Di desa yang terletak jauh dari Kota Kaesong, tinggallah sepasang suami istri yang miskin. Mereka mempunyai anak laki-laki bernama Can Syek Bong. Can Syek Bong cerdas dan rajin membantu pekerjaan orang tuanya.
Suatu hari ayahnya jatuh. Sebelum menghembuskan napasnya yang terakhir, ia berkata pada istrinya, "Aku hanya petani. Dan kau hanya penjual kue serabi. Tapi anak kita harus bisa menjadi orang pandai. Tingkat pendidikannya harus tinggi, setinggi-tingginya."
Istrinya berjanji akan mengusahakan hal itu. Maka meninggallah suaminya dengan tenang.
Pada waktu Can Syek Bong berusia sembilan tahun, ibunya berkata, "Nak, kini kau harus berusaha memenuhi keinginan ayahmu. Pergilah ke Kota Kaesong. Belajarlah di sana selama sepuluh tahun. Kau harus hafal seribu lukisan huruf dan hafal syair-syair yang terkenal. Kalau kau rajin, kau dapat menempuh ujian di Seoul. Belajarlah setinggi-tingginya sesuai pesan ayahmu."
Maka berangkatlah Can Syek Bong ke kota Kaesong. Ibunya tetap membuat dan menjual kue serabi. Tidak seorang pun di desa itu yang dapat menandingi kue serabinya, yang lembut, harum dan sedap. Pada malam hari, sang ibu sering merasa kesepian. Ia menangis karena merindukan anaknya. Betapa lama ia harus menunggu.
Pada suatu malam yang sepi, didengarnya langkah-langkah kaki mendekati pintu rumahnya. Ketika membuka pintu, tampaklah anaknya.
"Mengapa kau sudah kembali?" tanya ibunya tanpa tersenyum. "Apa kau sudah mempelajari semua yang harus dipelajari? Sudah siap menghadapi ujian?"

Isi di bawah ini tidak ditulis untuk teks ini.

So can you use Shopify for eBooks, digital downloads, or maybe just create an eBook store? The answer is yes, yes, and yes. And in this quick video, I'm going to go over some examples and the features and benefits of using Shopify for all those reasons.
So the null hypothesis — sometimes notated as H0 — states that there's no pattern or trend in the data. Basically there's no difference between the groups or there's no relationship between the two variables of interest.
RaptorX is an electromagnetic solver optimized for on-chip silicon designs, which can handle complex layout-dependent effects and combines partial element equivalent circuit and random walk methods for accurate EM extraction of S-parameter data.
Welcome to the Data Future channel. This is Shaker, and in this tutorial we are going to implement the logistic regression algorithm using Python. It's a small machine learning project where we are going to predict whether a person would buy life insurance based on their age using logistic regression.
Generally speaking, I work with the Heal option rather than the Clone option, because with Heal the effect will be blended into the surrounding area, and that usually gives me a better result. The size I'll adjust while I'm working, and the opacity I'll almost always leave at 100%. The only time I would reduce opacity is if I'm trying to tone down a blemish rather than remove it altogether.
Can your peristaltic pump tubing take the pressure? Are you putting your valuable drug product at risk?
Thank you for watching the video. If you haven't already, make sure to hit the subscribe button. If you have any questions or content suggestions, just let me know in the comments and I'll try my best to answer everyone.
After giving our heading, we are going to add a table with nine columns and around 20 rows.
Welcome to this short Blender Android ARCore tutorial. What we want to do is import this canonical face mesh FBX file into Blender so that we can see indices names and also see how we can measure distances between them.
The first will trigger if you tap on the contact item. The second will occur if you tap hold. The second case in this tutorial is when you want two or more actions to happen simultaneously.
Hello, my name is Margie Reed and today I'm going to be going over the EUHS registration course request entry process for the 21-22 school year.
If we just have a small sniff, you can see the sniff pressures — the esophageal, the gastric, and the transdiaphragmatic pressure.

Can Syek Bong tertegun mendengar pertanyaan beruntun dari ibunya.
"Ibu, berpuluh kilometer sudah aku tempuh untuk kemari dengan berjalan kaki. Aku letih dan lapar, Bu," sahut anaknya itu.
Walau sudah rindu, ibunya tetap tidak menunjukkan rasa rindunya. Ia kembali bertanya, "Apa semua pelajaran dalam sepuluh tahun, bisa kau pelajari hanya dalam waktu lima tahun?"
"Aku sudah banyak belajar, Bu!" seru Can Syek Bong, "Aku hanya pulang lebih cepat dari yang Ibu tentukan."
"Masuklah dan akan kamu buktikan," kata ibunya.
Ibunya menyuruh Can Syek Bong duduk. Ia memberi satu kuas, tinta cina dan kertas. "Buatlah lukisan sepuluh huruf pertama," kata ibunya.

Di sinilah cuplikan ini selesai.